Auf den meisten Bildern wurde ich von Maskenbildnern geschminkt. Die haben gute, sehr durchscheinende Schminke extra für Fotos. Der Look wirkt nur ungeschminkt. Ich kann auch sehr schlecht aussehen, müde und faltig. Ich bin halt Anfang 50. Da kann ich Gua Sha nehmen und Dr. Hauschka und sonst etwas. Das Altern ist trotzdem da.

Es herrscht in Ihrem Beruf sicher ein gewisser Druck in Bezug auf jugendliches Aussehen. Was halten Sie von Maßnahmen dagegen wie Botox oder Fillern? Würden Sie sagen: nie und nimmer? Oder ist das Standard im Filmbetrieb?

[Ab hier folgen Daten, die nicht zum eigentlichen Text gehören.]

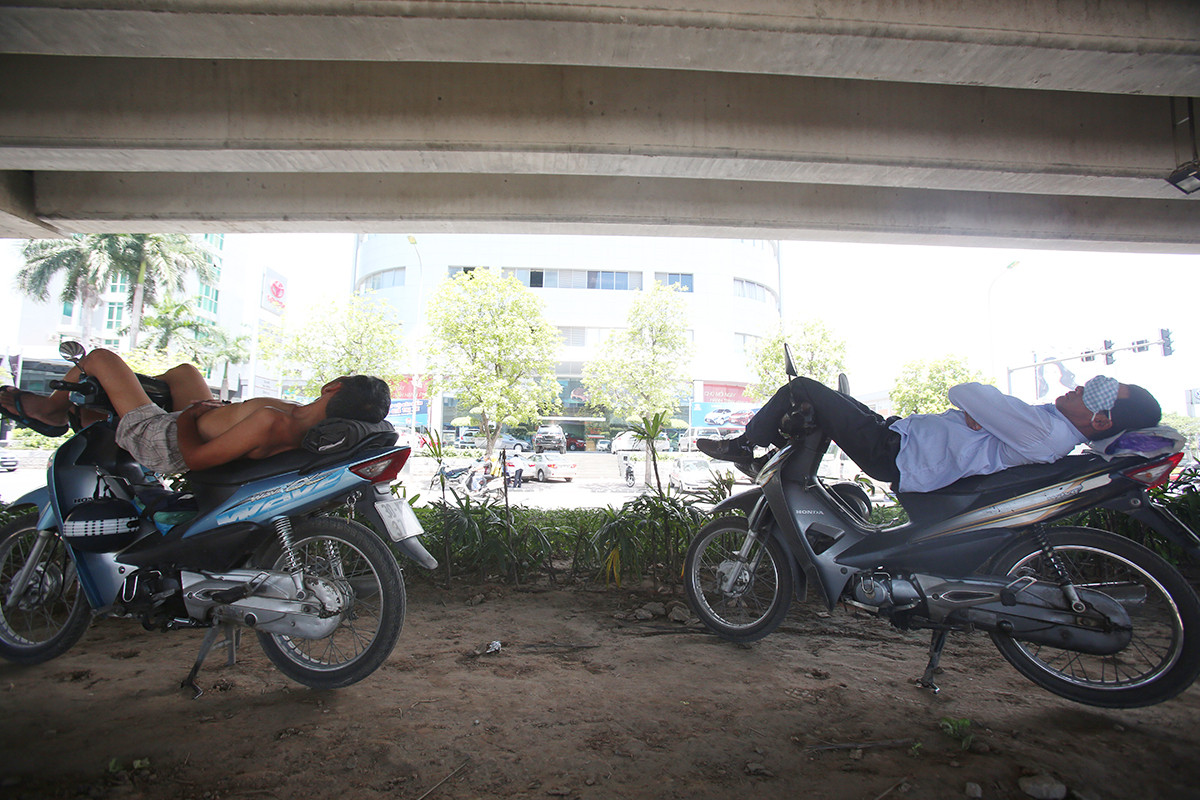 Ngoài những cô bán hàng rong, những công nhân công trường, tài xế xe ôm cũng chính là những người phải "bám đường" vì đặc thù công việc.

Für mich kommt das nicht in Frage, überhaupt nicht. Ich möchte nicht irgendein fremdes Zeug bei mir im Gesicht haben. Botox ist ja ein Gift. Auch kleine Veränderungen - etwa am Augenlid - möchte ich eigentlich nicht machen. Ich sehe natürlich im Spiegel, dass ich älter werde. Und das finde ich auch furchtbar. Aber ich möchte nichts künstlich verändern, weil mir so etwas total fremd ist.

Gab es einen Zeitpunkt, an dem Sie das für sich entschieden haben?

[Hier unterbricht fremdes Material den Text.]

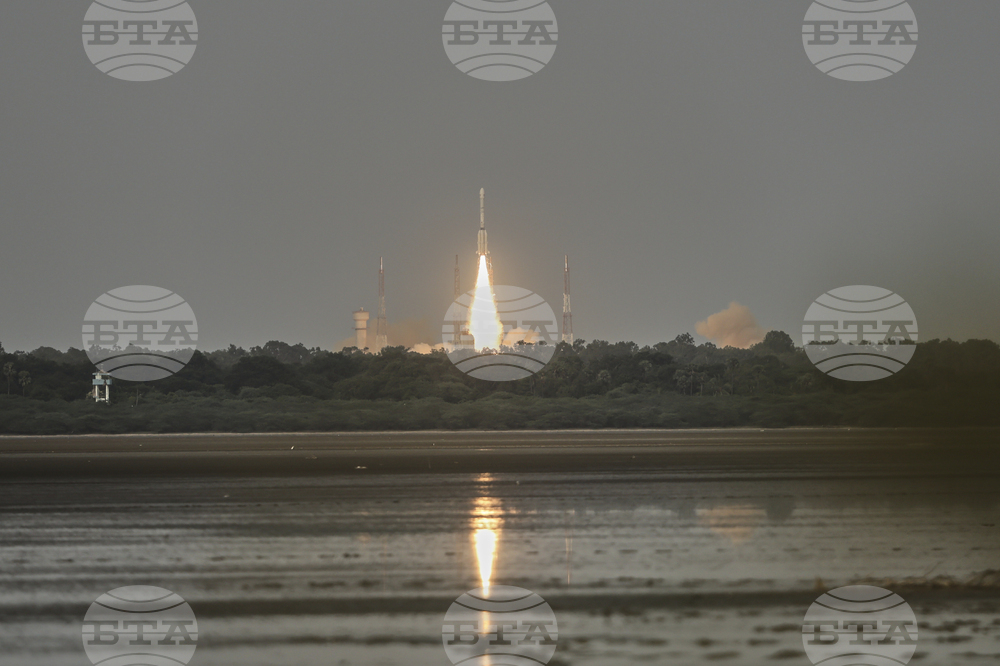 Индия ще изстреля в неделя най-тежкия сателит в космическата си история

Ich habe mal einen Satz gelesen von Hildegard Knef, der mich beeindruckt hat. Sie hat mit etwa 70 Jahren geschrieben, sie sei so stark geliftet, dass sie beim Blick in den Spiegel überhaupt nicht wisse, wie sie eigentlich wirklich aussehen würde. Diese Erkenntnis finde ich schockierend und schlimm. Dass man nie erfahren wird, wie man eigentlich ausgesehen hätte, wenn man nichts gemacht hätte. Als ich den Satz vor etwa zehn Jahren gelesen habe, beschloss ich, so etwas nie zu machen. Meine Agentin sagte damals: „Juliane, ich brauche in der Agentur später mal auch noch richtige Alte, die wirklich alt aussehen." Also nicht diese seltsamen Gesichter, die auf eine merkwürdige Weise jung wirken. Oder eigentlich nicht jung, sondern eher monsterartig.

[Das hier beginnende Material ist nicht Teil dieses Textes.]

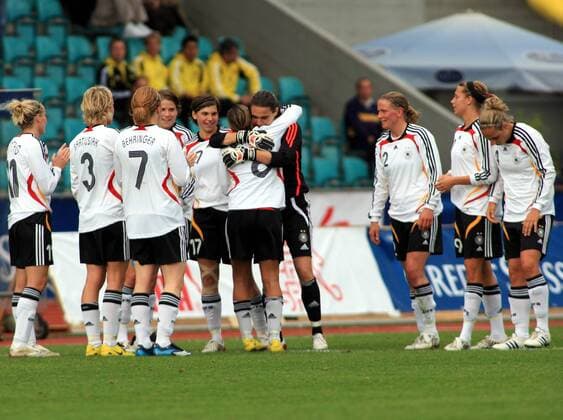 Torfrau Nadine Angerer (Mitte) umarmt Sandra Simsek (beide Deutschland), welche ihr letztes Länderspiel für die deutsche Nationalmannschaft absolviert hat Fußball Länderspiel Damen EM Qualifikation 2008, Nationalmannschaft, Nationaltrikot, Frauen, Frauenfußball Totale Basel 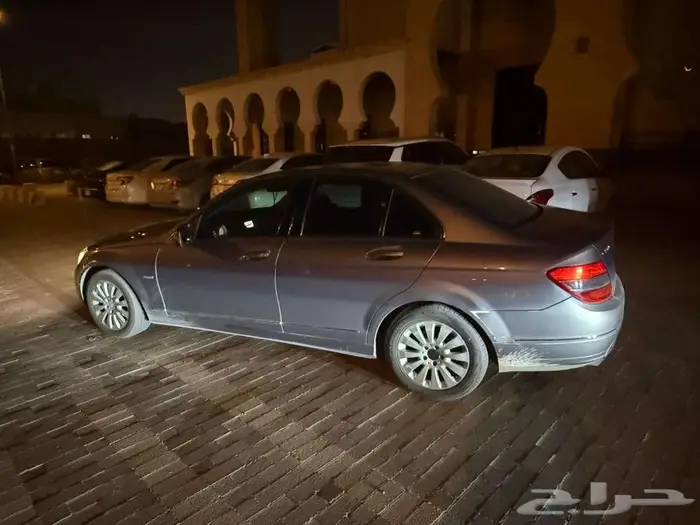 مرسيدس C180 موديل 2011 10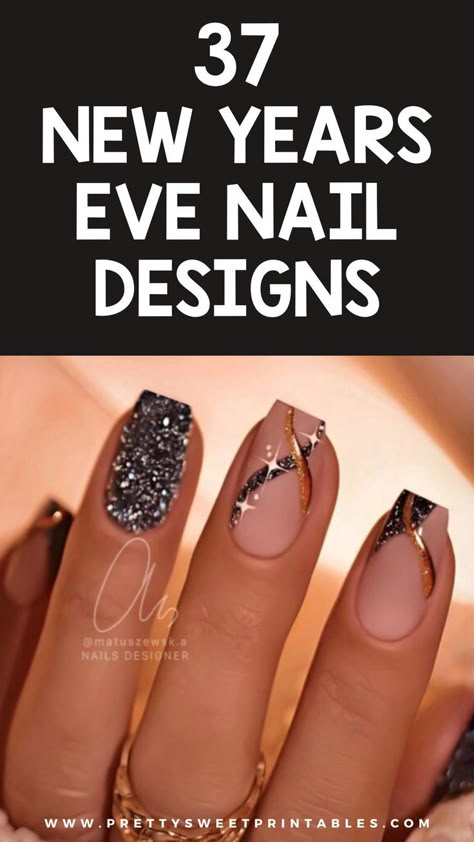 new year eve nail designs ideas New Year’s Eve Gel Nails Short, Acrylic Nail Designs Black Sparkle, January Nail Designs New Years Ideas, Black And Gold Tips Nails, Idea Nail Design, Nail Colors For New Years, Nail Ideas For New Years 2024, Nail Designs For The New Year, Ew Years Eve Nails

Altersforscher sagen, dass Regelmäßigkeit ein Schlüssel ist zu einem gesunden Leben und gutem Aussehen. Leben Sie regelmäßig?

Ich habe keinen so regelmäßigen Rhythmus. Ich spiele Theater, dann drehe ich wieder einen Film und bin wochenlang unterwegs. Häufig stehe ich abends auf der Bühne und bin spät im Bett. Ich muss aber früh aufstehen, weil die Kinder in die Schule gehen. Natürlich sieht man das im Gesicht. Deswegen nehme ich auch immer wieder Auszeiten. Die Sommerferien sind mir zum Beispiel heilig. Da drehe ich nie. Egal, was für ein Filmangebot ich habe. Stattdessen fahre ich mindestens vier Wochen mit meinen Kindern irgendwohin. Man muss versuchen, das ganze Leben immer entspannter zu sehen. Dass man nicht grübelt oder sich andauernd Sorgen macht. Alles kommt zu seiner Zeit. Dazu gehört, dass ich akzeptiere, dass ich älter werde. Es ist bestimmt nicht gut, dagegen zu kämpfen. Irgendwann werde ich alt aussehen. Natürlich! Und dann ist das eben so.